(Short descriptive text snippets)
• • • • •

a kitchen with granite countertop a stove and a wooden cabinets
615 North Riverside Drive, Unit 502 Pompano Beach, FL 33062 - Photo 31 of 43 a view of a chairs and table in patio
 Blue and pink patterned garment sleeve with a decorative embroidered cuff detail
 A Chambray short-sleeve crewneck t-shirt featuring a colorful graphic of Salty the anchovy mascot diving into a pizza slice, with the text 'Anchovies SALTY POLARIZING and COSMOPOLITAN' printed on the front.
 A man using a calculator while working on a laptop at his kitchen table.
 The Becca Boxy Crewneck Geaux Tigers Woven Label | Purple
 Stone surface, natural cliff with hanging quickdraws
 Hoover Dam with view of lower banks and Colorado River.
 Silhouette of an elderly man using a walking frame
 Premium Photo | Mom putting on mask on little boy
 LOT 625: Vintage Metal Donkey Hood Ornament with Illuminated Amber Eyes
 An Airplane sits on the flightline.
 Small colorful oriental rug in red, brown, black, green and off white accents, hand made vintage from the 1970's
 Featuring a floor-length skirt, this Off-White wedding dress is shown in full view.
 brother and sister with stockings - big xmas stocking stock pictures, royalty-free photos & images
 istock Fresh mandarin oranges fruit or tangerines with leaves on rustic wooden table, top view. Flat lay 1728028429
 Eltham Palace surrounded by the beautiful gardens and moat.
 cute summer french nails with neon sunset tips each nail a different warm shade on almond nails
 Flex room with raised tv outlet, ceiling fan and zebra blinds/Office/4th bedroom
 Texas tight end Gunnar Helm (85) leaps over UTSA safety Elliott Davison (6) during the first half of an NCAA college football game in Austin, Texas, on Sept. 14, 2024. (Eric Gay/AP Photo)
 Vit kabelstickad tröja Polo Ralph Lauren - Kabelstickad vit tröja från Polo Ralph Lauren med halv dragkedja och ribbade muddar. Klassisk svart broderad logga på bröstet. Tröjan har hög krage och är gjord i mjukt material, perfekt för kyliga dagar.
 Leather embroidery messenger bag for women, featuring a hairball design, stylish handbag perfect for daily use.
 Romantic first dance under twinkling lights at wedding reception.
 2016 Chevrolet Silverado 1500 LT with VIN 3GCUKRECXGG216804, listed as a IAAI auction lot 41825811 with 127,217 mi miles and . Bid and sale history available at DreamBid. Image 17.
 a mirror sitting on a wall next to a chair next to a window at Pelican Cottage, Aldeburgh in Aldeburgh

• • • • •

Only the lines from the one containing "A man using" through the last line of the records are to be set down, exactly as they appear.

 A man using a calculator while working on a laptop at his kitchen table.
 The Becca Boxy Crewneck Geaux Tigers Woven Label | Purple
 Stone surface, natural cliff with hanging quickdraws
 Hoover Dam with view of lower banks and Colorado River.
 Silhouette of an elderly man using a walking frame
 Premium Photo | Mom putting on mask on little boy
 LOT 625: Vintage Metal Donkey Hood Ornament with Illuminated Amber Eyes
 An Airplane sits on the flightline.
 Small colorful oriental rug in red, brown, black, green and off white accents, hand made vintage from the 1970's
 Featuring a floor-length skirt, this Off-White wedding dress is shown in full view.
 brother and sister with stockings - big xmas stocking stock pictures, royalty-free photos & images
 istock Fresh mandarin oranges fruit or tangerines with leaves on rustic wooden table, top view. Flat lay 1728028429
 Eltham Palace surrounded by the beautiful gardens and moat.
 cute summer french nails with neon sunset tips each nail a different warm shade on almond nails
 Flex room with raised tv outlet, ceiling fan and zebra blinds/Office/4th bedroom
 Texas tight end Gunnar Helm (85) leaps over UTSA safety Elliott Davison (6) during the first half of an NCAA college football game in Austin, Texas, on Sept. 14, 2024. (Eric Gay/AP Photo)
 Vit kabelstickad tröja Polo Ralph Lauren - Kabelstickad vit tröja från Polo Ralph Lauren med halv dragkedja och ribbade muddar. Klassisk svart broderad logga på bröstet. Tröjan har hög krage och är gjord i mjukt material, perfekt för kyliga dagar.
 Leather embroidery messenger bag for women, featuring a hairball design, stylish handbag perfect for daily use.
 Romantic first dance under twinkling lights at wedding reception.
 2016 Chevrolet Silverado 1500 LT with VIN 3GCUKRECXGG216804, listed as a IAAI auction lot 41825811 with 127,217 mi miles and . Bid and sale history available at DreamBid. Image 17.
 a mirror sitting on a wall next to a chair next to a window at Pelican Cottage, Aldeburgh in Aldeburgh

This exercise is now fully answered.